Overview of Acts
This year our church is reading the New Testament together. One chapter a day. Five days a week. We started with the Gospel of Mark, and this week we began reading through the Book of Acts. My hope is to provide a little bit of an overview of each book as we read through them so that we can better understand God’s Word.
Most Bible scholars believe that Luke wrote the book of Acts as a sequel to the Gospel of Luke between AD 65-70. Both books are addressed to Theophilus (Acts 1:1; Luke 1:3), and both have a similar structure and style. We know from the Book of Acts that Luke was with Paul on multiple missionary journeys as you will notice in Acts 16:10-17, 20:5-15, 21:1-18, and 27:1-28:16.

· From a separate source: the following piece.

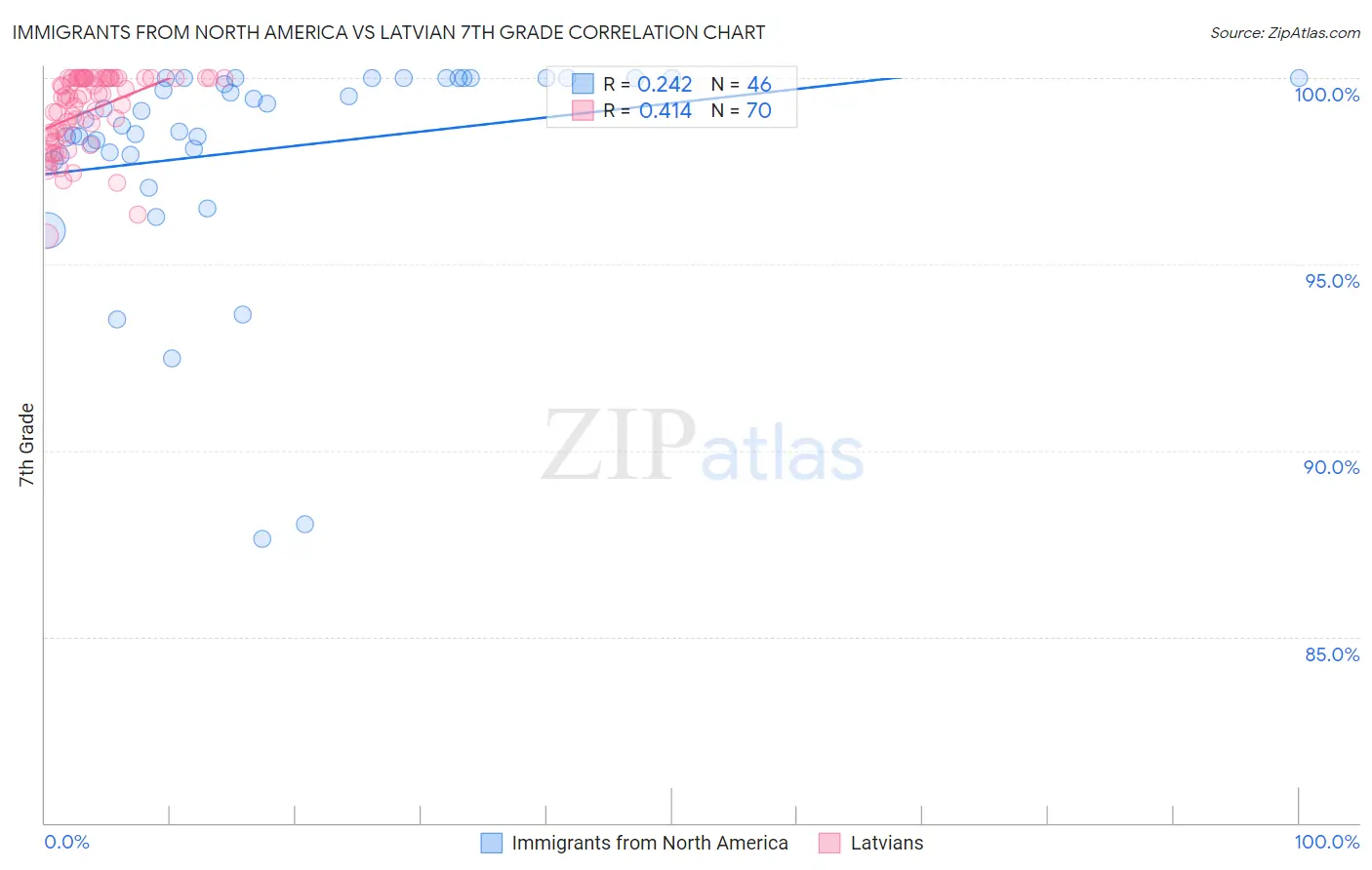 Immigrants from North America vs Latvian 7th Grade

The outline and theme of the Book of Acts can be found in Acts 1:8. “But you will receive power when the Holy Spirit has come upon you, and you will be my witnesses in Jerusalem and in all Judea and Samaria, and to the end of the earth.” As you read Acts this month, you will be able to trace the Gospel as it travels from Jerusalem to Rome. There is a progression as Luke presents the history of the Gospel moving from Jerusalem to the ends of the earth.
Some Things to Notice:
Sermons: There are quite a few sermons/speeches in Acts. The first is by Peter, but there is also a long sermon by Stephen and multiple sermons/speeches by Paul. You might notice that these sermons differ depending on who the audience is.

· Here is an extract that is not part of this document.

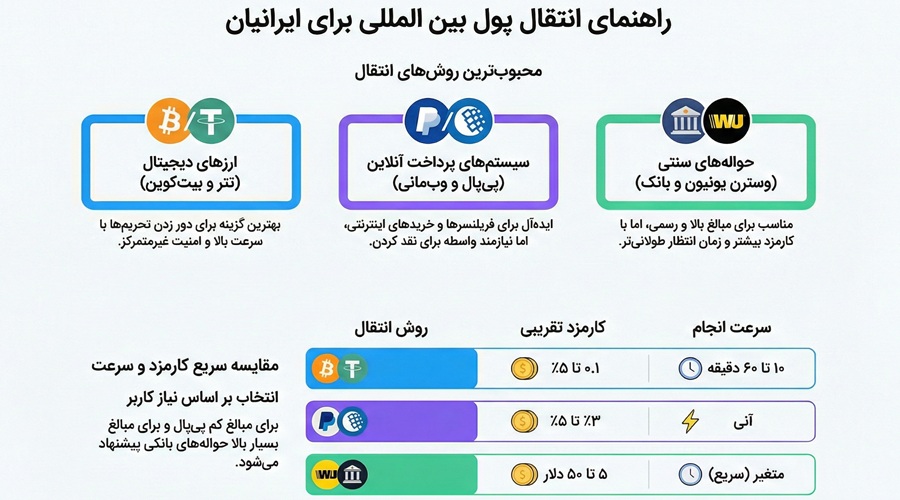 راه های ارسال پول از کشوری به کشور دیگر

Holy Spirit: Acts introduces the work of the Holy Spirit in the life of the Church. Some scholars have even referred to Acts as “The Acts of the Holy Spirit” because it shows us what it looks like to be filled with the Spirit and to receive power and boldness from the Spirit. Acts demonstrates what God does through the obedience of normal people who are committed to Christ.
The Importance and Power of the Word: The devotion to know the Word and proclaim the Word is a prevalent theme in Acts. Keep an eye out for phrases like “the word,” the “word of Christ,” and “word of God.” You will see that many times these phrases are synonymous with the preaching of the Gospel. Also, pay attention to the power of the Word to change lives and even cities like Ephesus.
As you read Acts you will see some controversial doctrines in action. Things like speaking in tongues, healing, and even resurrection of the dead. Remember that Acts is a book that describes the work of the Holy Spirit in the early church. It does not necessarily command us to do these things. It shows us the power of the Holy Spirit and the power of the Word of Christ.